Captioned web images
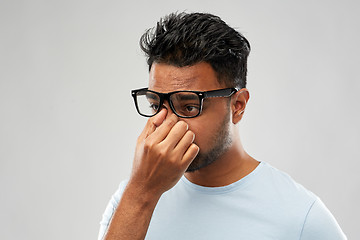 Image showing tired indian man in glasses rubbing nose bridge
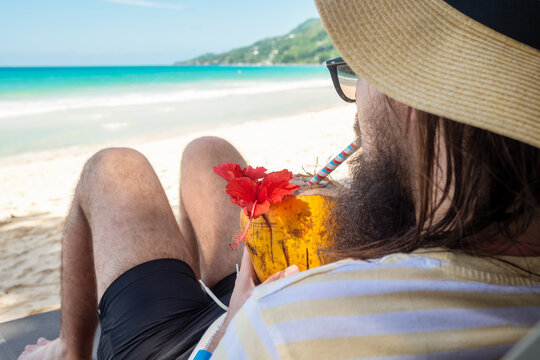 Portrait of a man drinking coconut milk on the beach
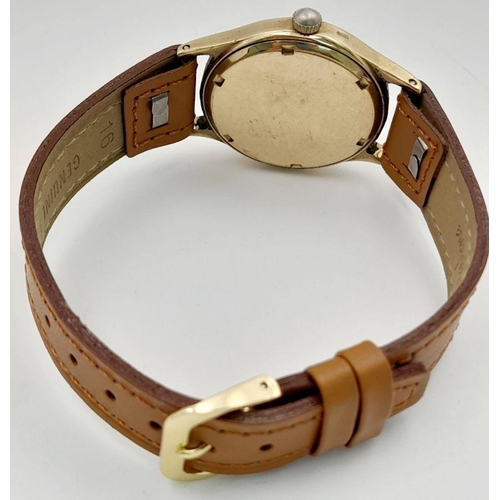 261 - A Vintage Rotary 9K Gold Cased Gents Watch. New brown leather strap. 9K gold case - 30mm. Patinaed d... 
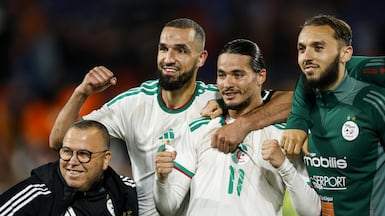 Nabil Bentaleb and Anis Hadj Moussa celebrate the win over Netherlands in Rotterdam. EPA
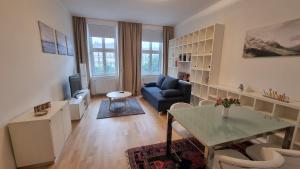 un soggiorno con divano blu e tavolo di Sunny Apartment next to Metro 1BR a Vienna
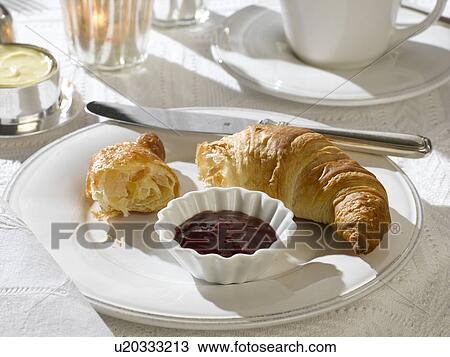 Stock Image - Breakfast table place setting with a croissant and jam. Fotosearch
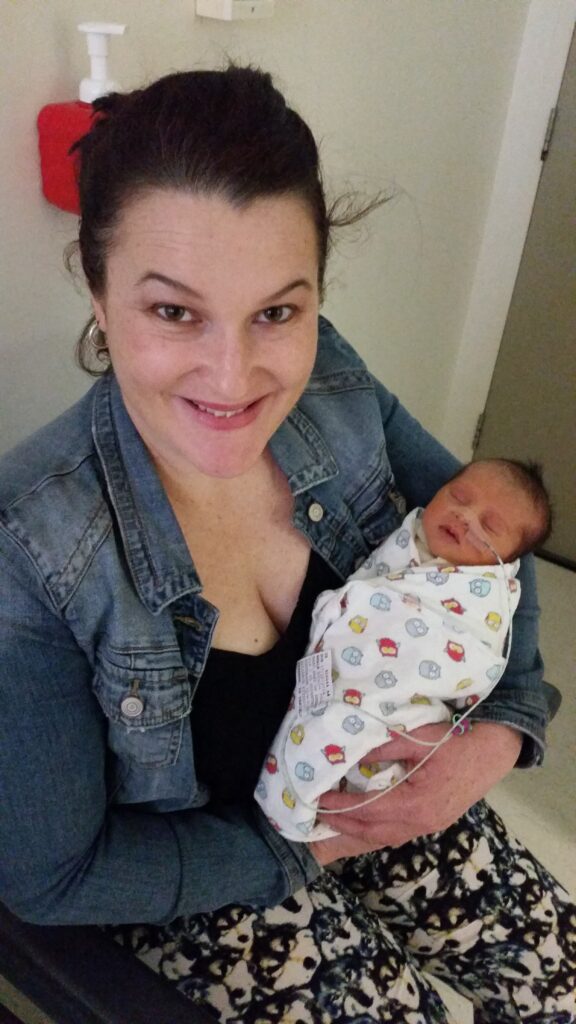 Renae single mother holding new baby Avery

## Task
Output all the data above verbatim, leaving out images.

## Answer space
 Image showing tired indian man in glasses rubbing nose bridge
 Portrait of a man drinking coconut milk on the beach
 261 - A Vintage Rotary 9K Gold Cased Gents Watch. New brown leather strap. 9K gold case - 30mm. Patinaed d... 
 Nabil Bentaleb and Anis Hadj Moussa celebrate the win over Netherlands in Rotterdam. EPA
 un soggiorno con divano blu e tavolo di Sunny Apartment next to Metro 1BR a Vienna
 Stock Image - Breakfast table place setting with a croissant and jam. Fotosearch
 Renae single mother holding new baby Avery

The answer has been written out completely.